Nino

Nino
Anne Brouillard
Edition des Eléphants 2021

Perdu au cœur de la forêt

Par Michel Driol

Personne n’a vu tomber Nino, le doudou de Simon, en pleine forêt, durant la promenade. Sauf Lapin, qui prend soin de Nino, et l’invite à prendre le thé. Puis c’est Ecureuil, puis les mésanges noires qui l’emmènent au sommet des arbres, d’où il peut voir son village. Et lorsque la nuit est venue, c’est Renard qui prend soin de lui, le présente à tous les animaux nocturnes, avant de le raccompagner chez Lapin, juste avant le passage de Simon et de ses parents, ravis de le retrouver et tout étonnés qu’il ne soit même pas mouillé…

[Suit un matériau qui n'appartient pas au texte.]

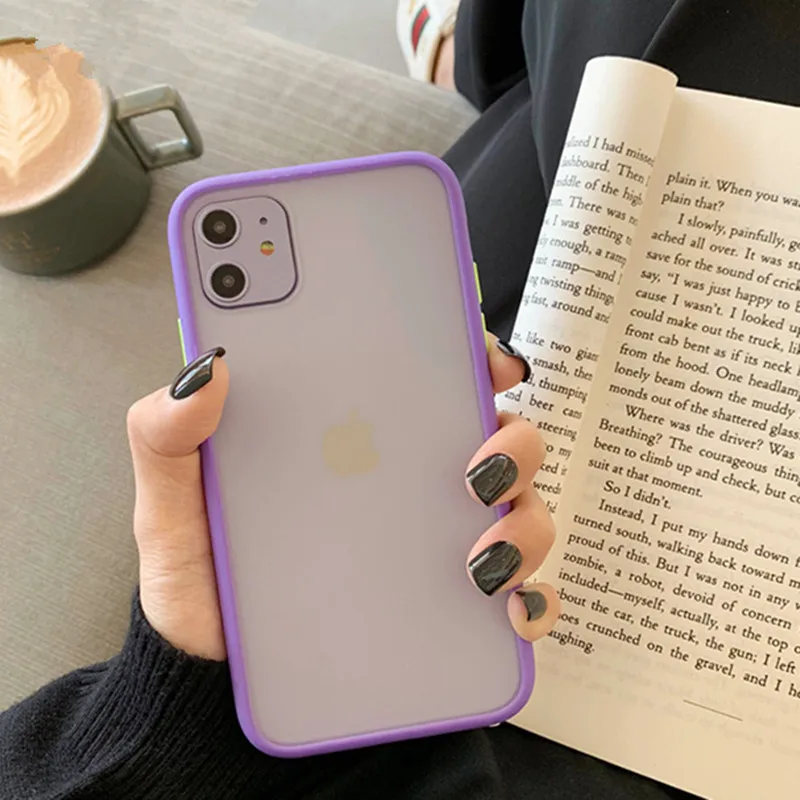 shockproof phone case for iphone 11 pro max xr x xs max 7 8 6 plus soft tpu border matte back pc candy color back cover free global shipping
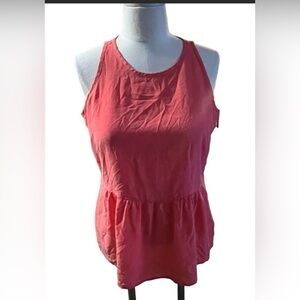 Ecru Women Orange Sleeveless Silk Top L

Dans des images nimbées d’une douce lumière, tantôt froide et bleutée, tantôt chaude et orange, en une saison qu’on devine être à la limite entre l’automne et l’hiver, Anne Brouillard propose un récit qui flirte avec le merveilleux : des animaux aux coutumes très humanisées qui vivent dans de confortables maisons miniatures, pour tisser avec douceur et tendresse des thèmes et des valeurs qui lui sont chers. Le sens de l’accueil, de la solidarité et du soin qu’on accorde aux autres, quels qu’ils soient et d’où qu’ils viennent. Souvent sans texte, les images permettent à chaque lecteur de parcourir toute la forêt, depuis les sous-sols du terrier de Lapin jusqu’au plus haut de la canopée. Elles inscrivent le récit dans une forêt pleine de mystères, sauvage et presque infinie. La taille des illustrations varie entre la double page à l’italienne, offrant de larges et magnifiques panoramas sur la forêt ou sur le village, et des vignettes mettant l’accent sur un intérieur de maison, ou constituant de petits scripts d’action à la façon de la bande dessinée, montrant la solitude et le désarroi du doudou perdu dans la nuit de la forêt. Ce qui renvoie à deux angoisses enfantines que l’album aborde : la peur de perdre son doudou, et la peur de la nuit et de ses mystères. Le récit dédramatise ces deux frayeurs enfantines, en faisant la part belle à l’imaginaire. Le doudou est fort bien accueilli par tous les animaux de la forêt qui vivent en bonne entente, et il trouve un passeur pour lui permettre de traverser la nuit, le renard qui le promène sur son dos avec une infinie tendresse. Au fond, c’est un double récit initiatique que propose cet album. D’abord celui d’une perte et d’une retrouvaille, rassurante pour Simon, qu’on découvre, à la fin de l’album, en compagnie de Nino, dans un surprenant face à face avec les animaux de la forêt, de part et d’autre de la vitre protectrice de la maison familiale. Mais c’est surtout le récit de l’initiation de Nino, dans la forêt d’une vie à laquelle rien ne l’a préparé, mais dans laquelle il trouve des appuis bienveillants, des aides inattendues pour l’aider à surmonter l’épreuve et à en sortir grandi. Reste enfin à dire comment la poésie du texte et des illustrations sait aussi se conjuguer avec des moments pleins d’humour, comme cette conversation sur les désirs des enfants tenue dans le terrier de Lapin… Lewis Carroll n’est certainement pas loin !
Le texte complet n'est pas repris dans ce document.